* [Problem details] Return verbatim the line containing "Grass in big flower pot" together with all lines that follow it, through the end of the records.

* [Stored data]
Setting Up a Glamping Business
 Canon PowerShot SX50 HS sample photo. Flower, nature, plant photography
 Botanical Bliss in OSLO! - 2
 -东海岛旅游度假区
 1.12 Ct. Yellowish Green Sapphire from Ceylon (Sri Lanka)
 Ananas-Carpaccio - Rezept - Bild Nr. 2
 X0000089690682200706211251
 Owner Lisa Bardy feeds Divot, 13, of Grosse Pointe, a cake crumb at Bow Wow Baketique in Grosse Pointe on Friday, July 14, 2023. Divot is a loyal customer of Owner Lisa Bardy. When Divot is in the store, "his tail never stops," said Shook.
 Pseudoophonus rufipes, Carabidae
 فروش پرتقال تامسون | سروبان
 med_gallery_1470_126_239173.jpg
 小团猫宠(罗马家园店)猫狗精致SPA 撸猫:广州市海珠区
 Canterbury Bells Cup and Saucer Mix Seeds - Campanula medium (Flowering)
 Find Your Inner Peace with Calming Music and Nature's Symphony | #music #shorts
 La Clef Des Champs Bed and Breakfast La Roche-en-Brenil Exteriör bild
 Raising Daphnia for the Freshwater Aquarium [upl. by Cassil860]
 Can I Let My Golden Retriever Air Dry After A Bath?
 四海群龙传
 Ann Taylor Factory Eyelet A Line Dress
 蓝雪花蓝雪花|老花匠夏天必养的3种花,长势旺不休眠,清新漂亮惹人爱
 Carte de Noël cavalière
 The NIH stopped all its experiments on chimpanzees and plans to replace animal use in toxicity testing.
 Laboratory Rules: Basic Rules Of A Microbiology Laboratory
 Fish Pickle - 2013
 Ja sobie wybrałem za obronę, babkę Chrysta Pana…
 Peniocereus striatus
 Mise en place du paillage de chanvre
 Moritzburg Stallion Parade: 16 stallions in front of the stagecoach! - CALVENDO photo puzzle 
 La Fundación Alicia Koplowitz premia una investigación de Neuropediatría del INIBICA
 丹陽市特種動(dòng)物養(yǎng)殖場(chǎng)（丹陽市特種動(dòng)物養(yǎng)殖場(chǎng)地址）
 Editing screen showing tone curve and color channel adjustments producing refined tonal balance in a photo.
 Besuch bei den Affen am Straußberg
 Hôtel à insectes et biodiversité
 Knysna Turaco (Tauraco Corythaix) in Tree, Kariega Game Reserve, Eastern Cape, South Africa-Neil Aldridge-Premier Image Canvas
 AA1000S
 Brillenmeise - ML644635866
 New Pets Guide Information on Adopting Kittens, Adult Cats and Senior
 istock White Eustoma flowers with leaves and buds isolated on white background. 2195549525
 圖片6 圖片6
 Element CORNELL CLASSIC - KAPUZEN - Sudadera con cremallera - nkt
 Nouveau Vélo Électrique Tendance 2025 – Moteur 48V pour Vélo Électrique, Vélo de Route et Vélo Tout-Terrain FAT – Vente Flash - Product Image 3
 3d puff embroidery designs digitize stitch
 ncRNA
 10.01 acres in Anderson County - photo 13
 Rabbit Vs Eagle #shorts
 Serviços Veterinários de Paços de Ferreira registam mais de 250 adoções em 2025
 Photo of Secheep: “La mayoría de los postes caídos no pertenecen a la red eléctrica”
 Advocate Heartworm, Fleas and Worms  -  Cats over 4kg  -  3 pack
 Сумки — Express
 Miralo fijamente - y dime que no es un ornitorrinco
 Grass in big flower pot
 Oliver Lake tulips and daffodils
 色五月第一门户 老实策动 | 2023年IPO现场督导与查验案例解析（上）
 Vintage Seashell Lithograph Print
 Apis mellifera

* [Finished task]
 Grass in big flower pot
 Oliver Lake tulips and daffodils
 色五月第一门户 老实策动 | 2023年IPO现场督导与查验案例解析（上）
 Vintage Seashell Lithograph Print
 Apis mellifera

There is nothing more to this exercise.